Engaging the powerful art through which artists are interpellator and conceptual structures for example for such topics as the nation, identity, justice and equity are determined is not a disengaged or politically ineffective activity. Critical thought and agency for change are effected first at the level of the subject--the viewer, who is moved by the art to respondt; the micro-economies of affect are a necessary effect to the macro-economies of political change.
Change the world with small gestures, in which the smallest gestures becomes epic.
Feminism and visual culture find a meeting point in lived reality. The works in this exhibition is open and broad in relation to its many possibilities for interpretation with feminist implications. The works by InEpic is produced in one cultural context and here to be exhibired and understood in another. Hema Upadhyay´s and Shilpa Gupta´s worls is part of the local art scene, but in In which the smallest gesture becomes epic exhibition set in a different context. The aim of the exhibition is to focus on both the interconnectedness as well as the diversity of women´s experience cross culturally. We are seeing glimps of permeable interwoven relationality. The openness is important in order to merge the works by these artist from different cultures. The difference is again an essential and intricate force in the human situation. In which the smallest gesture becomes epic is mediation of cultural exchange.

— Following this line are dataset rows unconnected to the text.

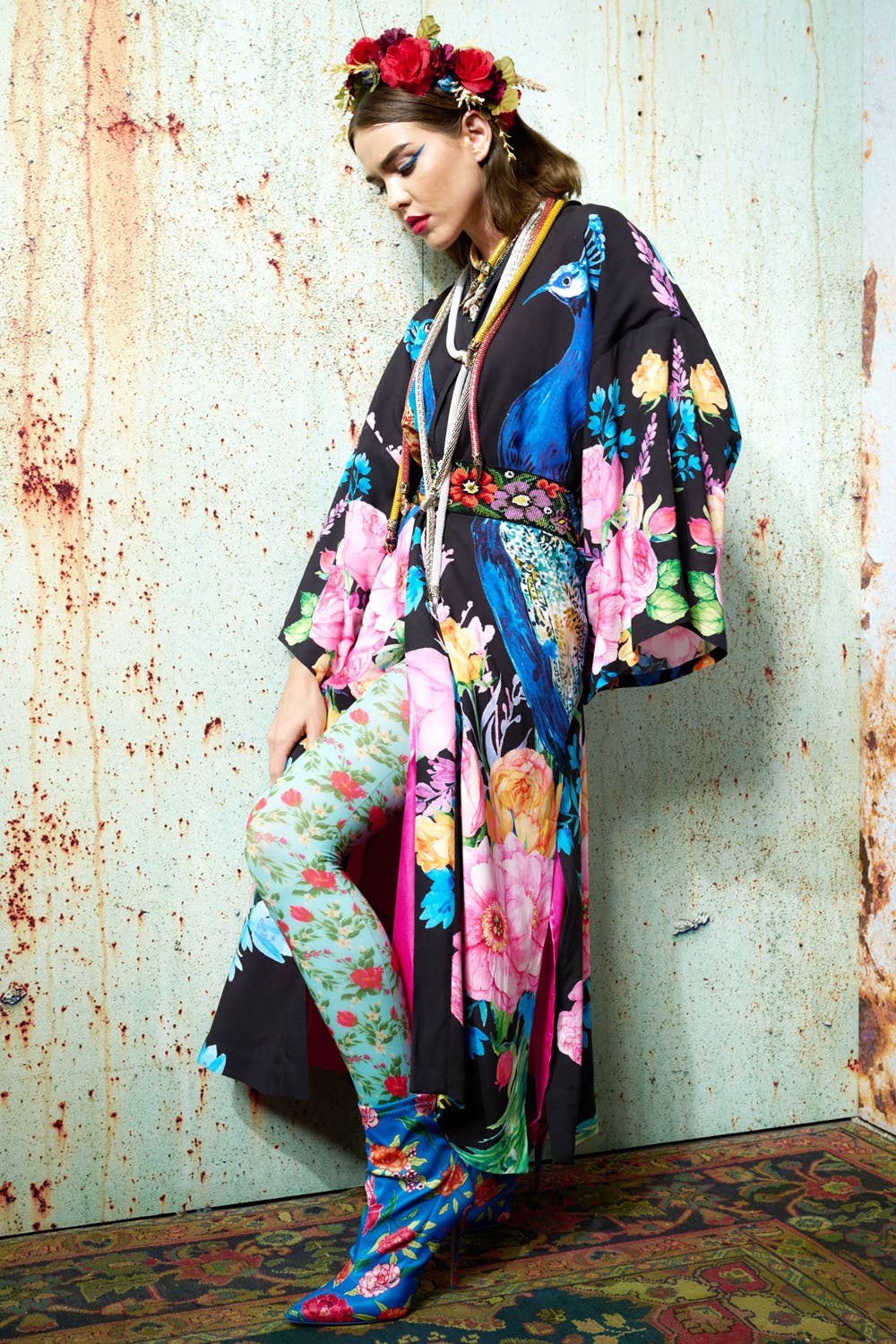 Fantasy Kimono: Black peacock print / Size Medium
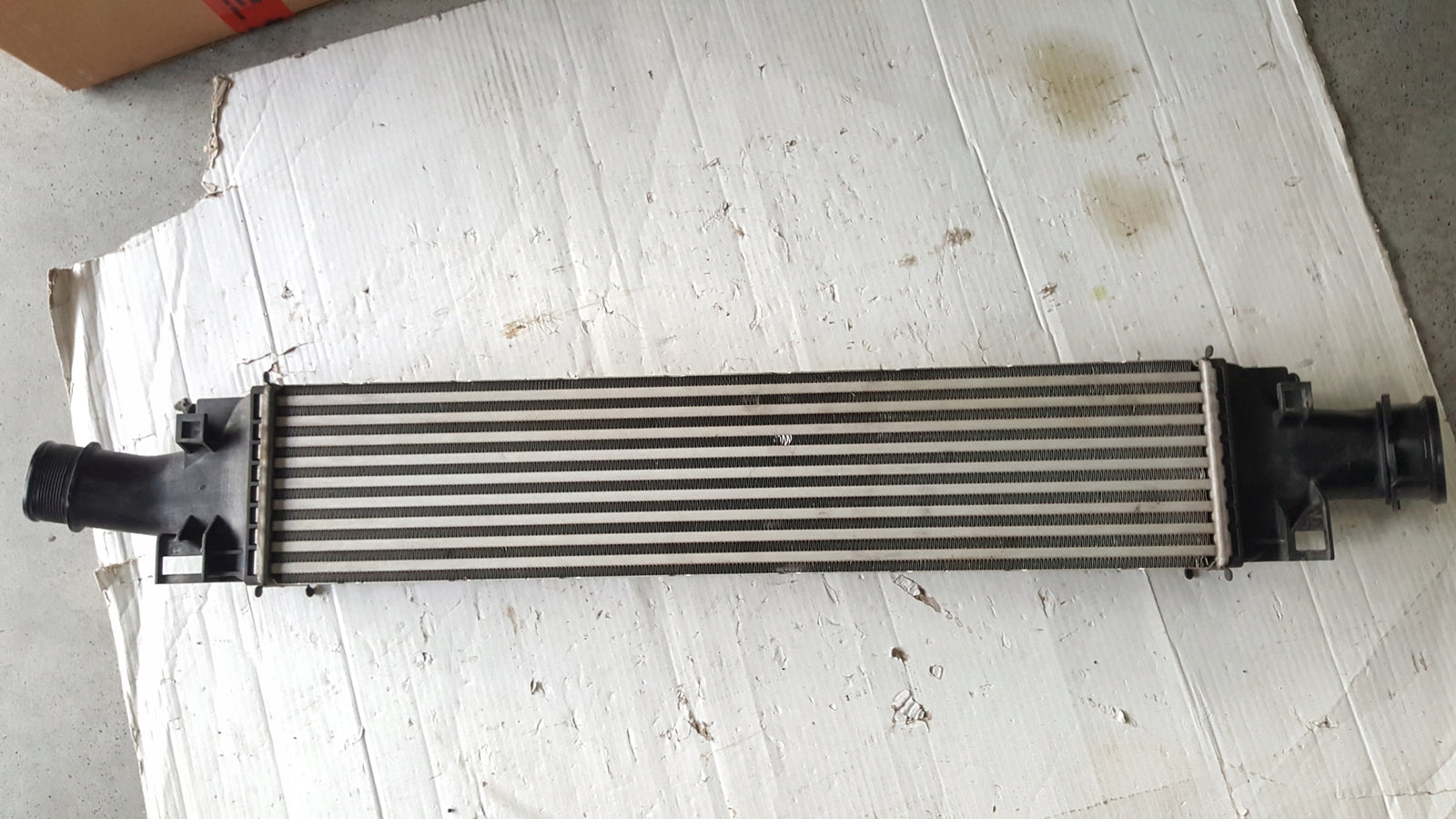 Chłodnica intercooler AUDI A4 (B9) A5 A6 (C8) A7 Q5 8W0145805AD demontaż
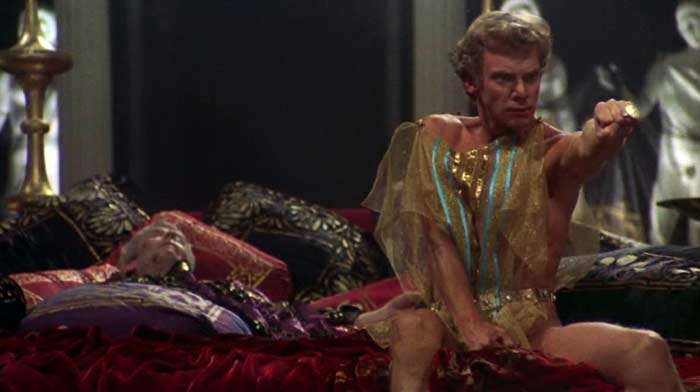 Кадр из фильма Калигула 2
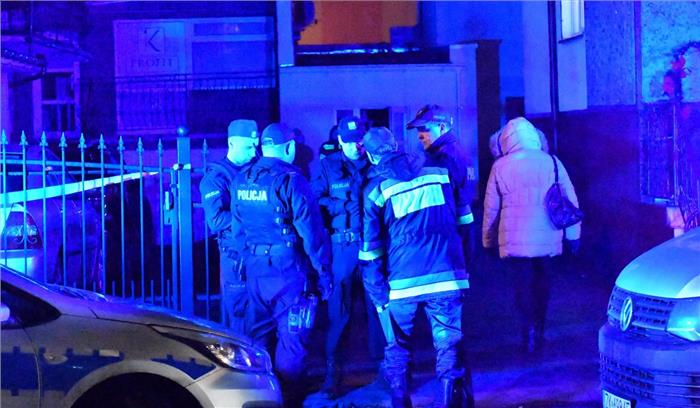 पोलैंड : आग में झुलसने से 5 लोगों की मौत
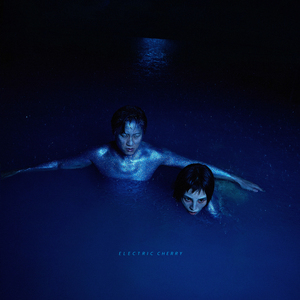 丁字裤阴脣肥大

InEpic consists of artists Bo Magnus, Nina Grieg and Gitte Sætre. Their previous projects has shown how even the smallest gestures can play against bodily and psychological framework and inherited structures in a political and personal context. InEpics underlying focus on women's choice, conscience and freedom as both political and personal experience has also led to an investigative link between feminism and democratic mindset.
The group works within a context of individual exchange between spectator and participant, and actively working to create momentum in the face of new places and situations. Their overall mission is to provide this friction a larger space to operate in, and through process, practice and experience develop an artistic strategy.

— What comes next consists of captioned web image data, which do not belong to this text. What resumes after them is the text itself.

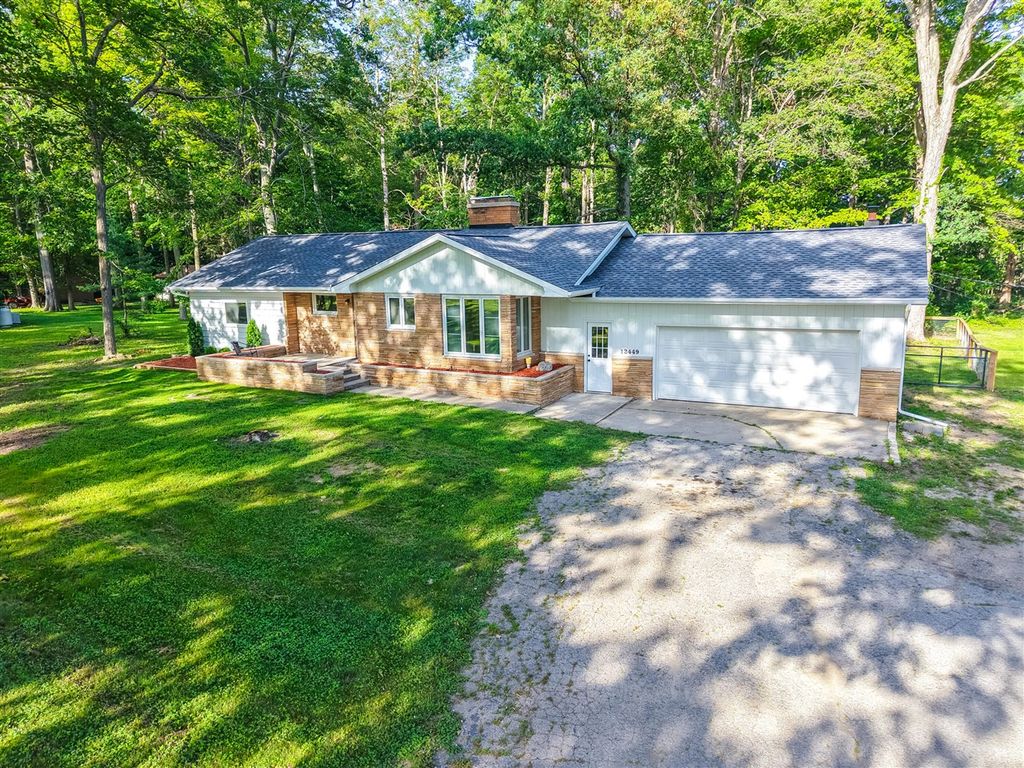 12449 California Road, Sawyer, MI 49125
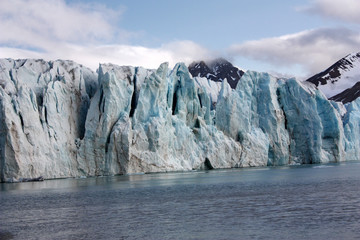 Fototapeta na wymiar 14. Juli-Gletscher- Spitzbergen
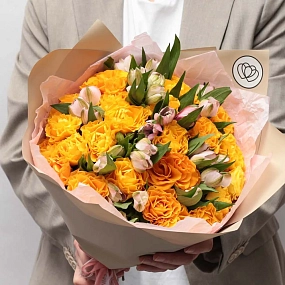 Букет из 25 оранжевых роз 35-40 см (Россия) и 10 альстромерий в розовых тонах в розовой пленке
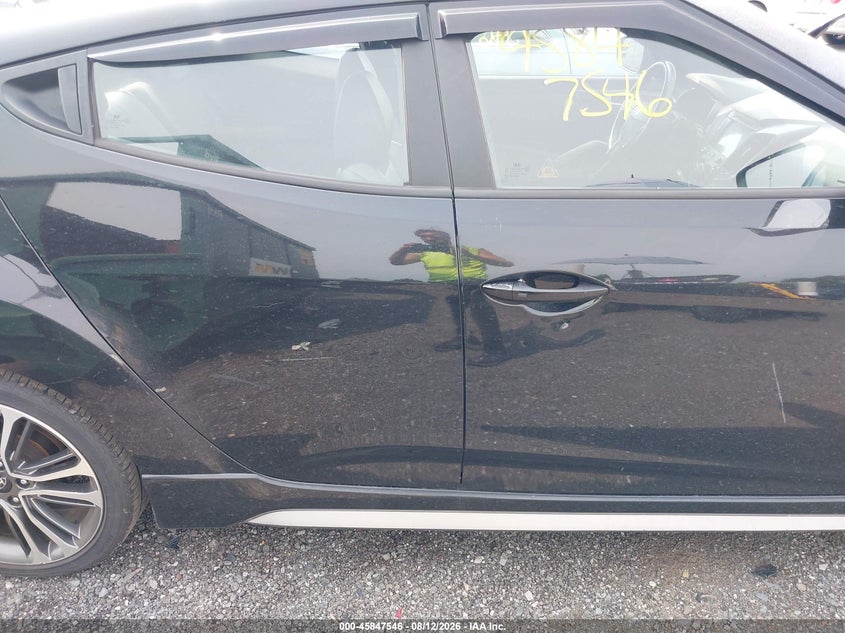 2016 HYUNDAI VELOSTER auction photo 6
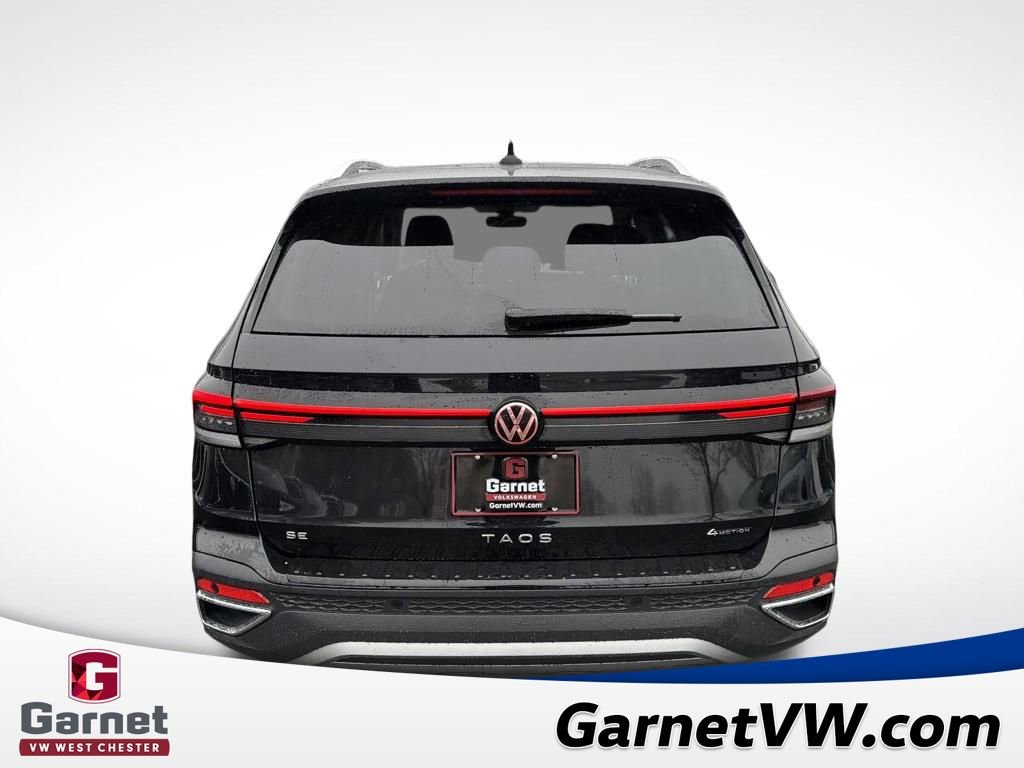 New 2026 Volkswagen Taos SE image 4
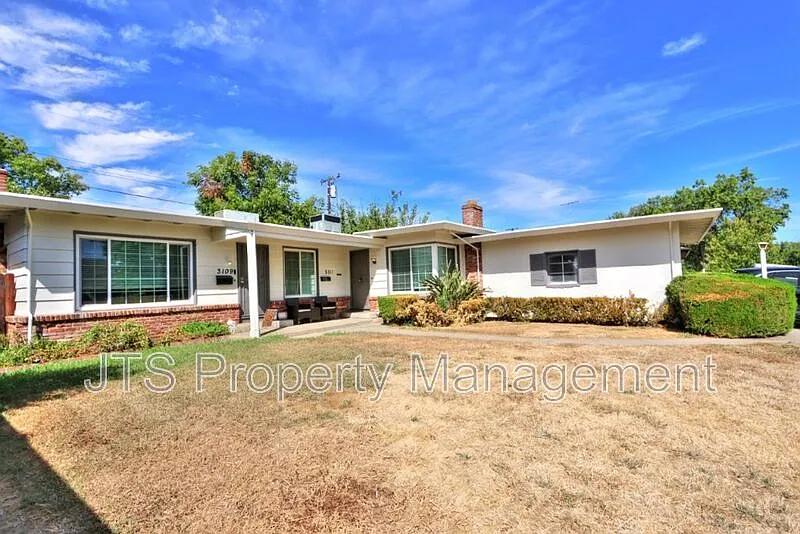 2 bed, 1.0 bath, 900 sqft, $1,600 — Photo 1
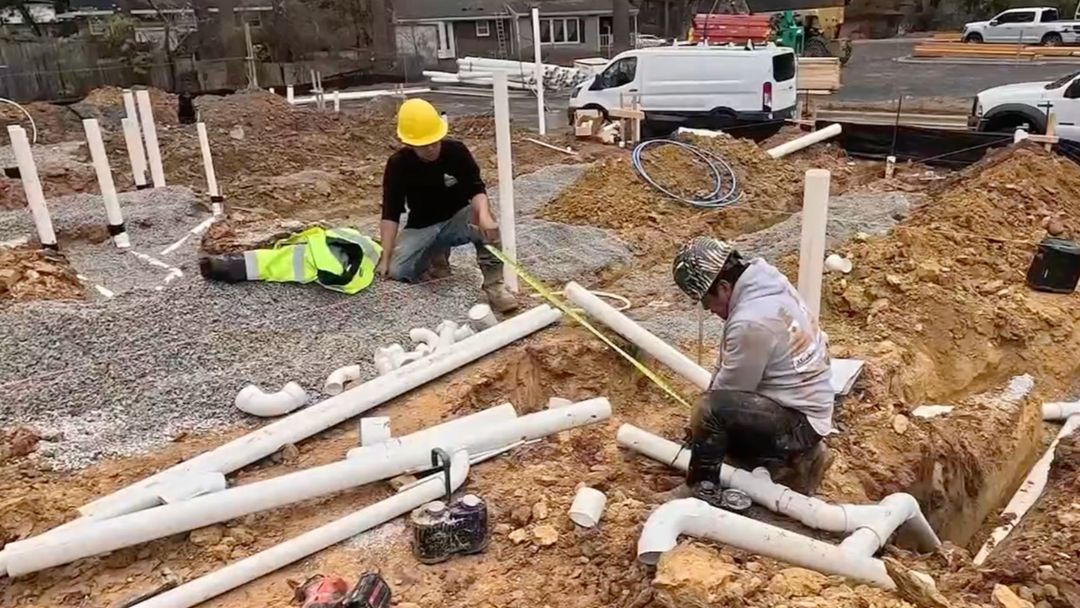 Redadas migratorias paralizan construcciones en Carolina del Norte: las pérdidas son millonarias | ViX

InEpic´s approach is based on constructive actions through the production of initiatives and productions not limited to object based work, but also text / moving image / action/ performative work. It is not lead by theory or even feminist theory for that matter. What is important here is an open, human voice manifested through an awareness of medium, materiality and associated meanings and context.
Hema Upadhyay. This work is site specific and the whole idea with these stickers is that the audience can go really close to the work and see each of the figures. When observed from a distance, the work looks like a beautiful, decorative pattern, it is only when one goes closer that you can see all the various figures, interacting and reacting to one another creating a sort of chaos. The artist has always spoken about displacement and migration and this work is another way of projecting her concerns where you can notice a mad play among beings only on closer inspection or by looking under the surface.